Some of the portions in the latter half of the film are reminiscent of Bollywood's Airlift which was on the Gulf War - Prakash Belawadi who played an annoying Malayali in the film is also part of the cast of Take Off though he's on the other side of the table (he plays a government official) in this one. However, unlike the Akshay Kumar-starrer which eventually became a one-man army story, Take Off does not fall back on bravado to keep us invested.
Like Gadhamma which brought to us an unsavoury immigrant story, far removed from the happy ones of success that we like to read about, Take Off, too urges us to think about the many Indians who struggle for their livelihood in hard circumstances and alien countries. In the heart of the ISIS camp, Shaheed even finds a fellow Malayali, a terrorist run away from Kerala, and the two develop a gossamer thin bond - their linguistic and cultural identity bringing them together though their ideologies couldn't be more different.

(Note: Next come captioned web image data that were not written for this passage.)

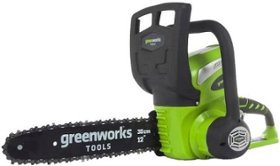 Аккумуляторная цепная пила Greenworks G40CS30 12'' (20117UA)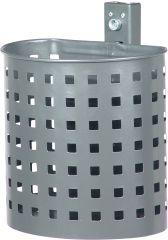 Abfallsammler NEUTRAL, Abfallbeh.20 l halbrund grau Quadratloch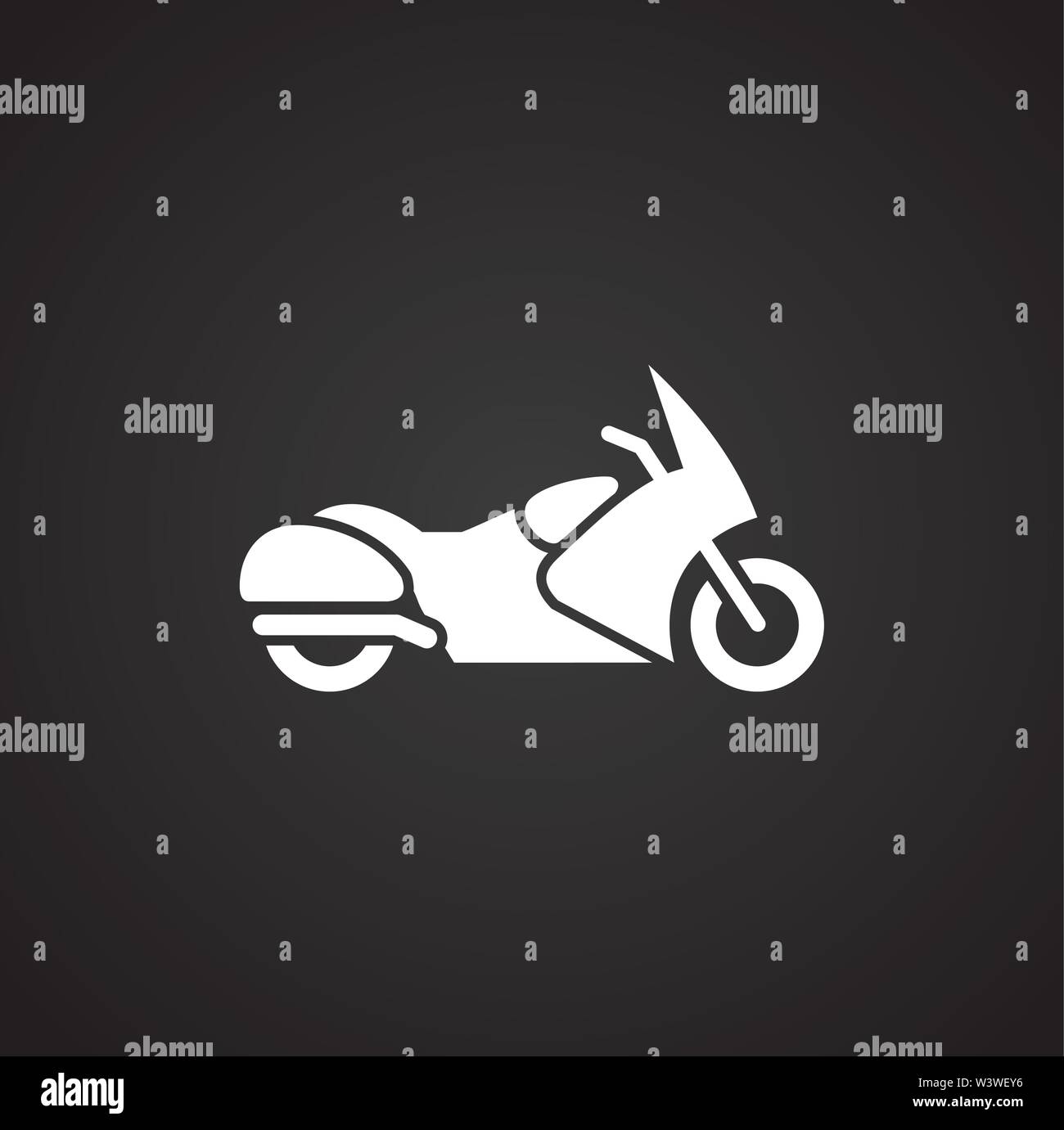 Moto related icon on background for graphic and web design. Simple ...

As with any film on terrorism that gets made these days, there's enough emphasis on the fact that not all Muslims speak the language of violence. Some like Viswaroopam beat us with it (though poor Kamal Haasan still got into a politically motivated controversy over it) and some like Take Off convey it through a lot more subtle storytelling.
Though the background score falls to the cliched Arabic-sounding music every now and then to remind us of where the characters are, it largely works to build fear and dread in our minds as the film progresses.
With excellent performances and intelligent direction, Take Off is a must-watch.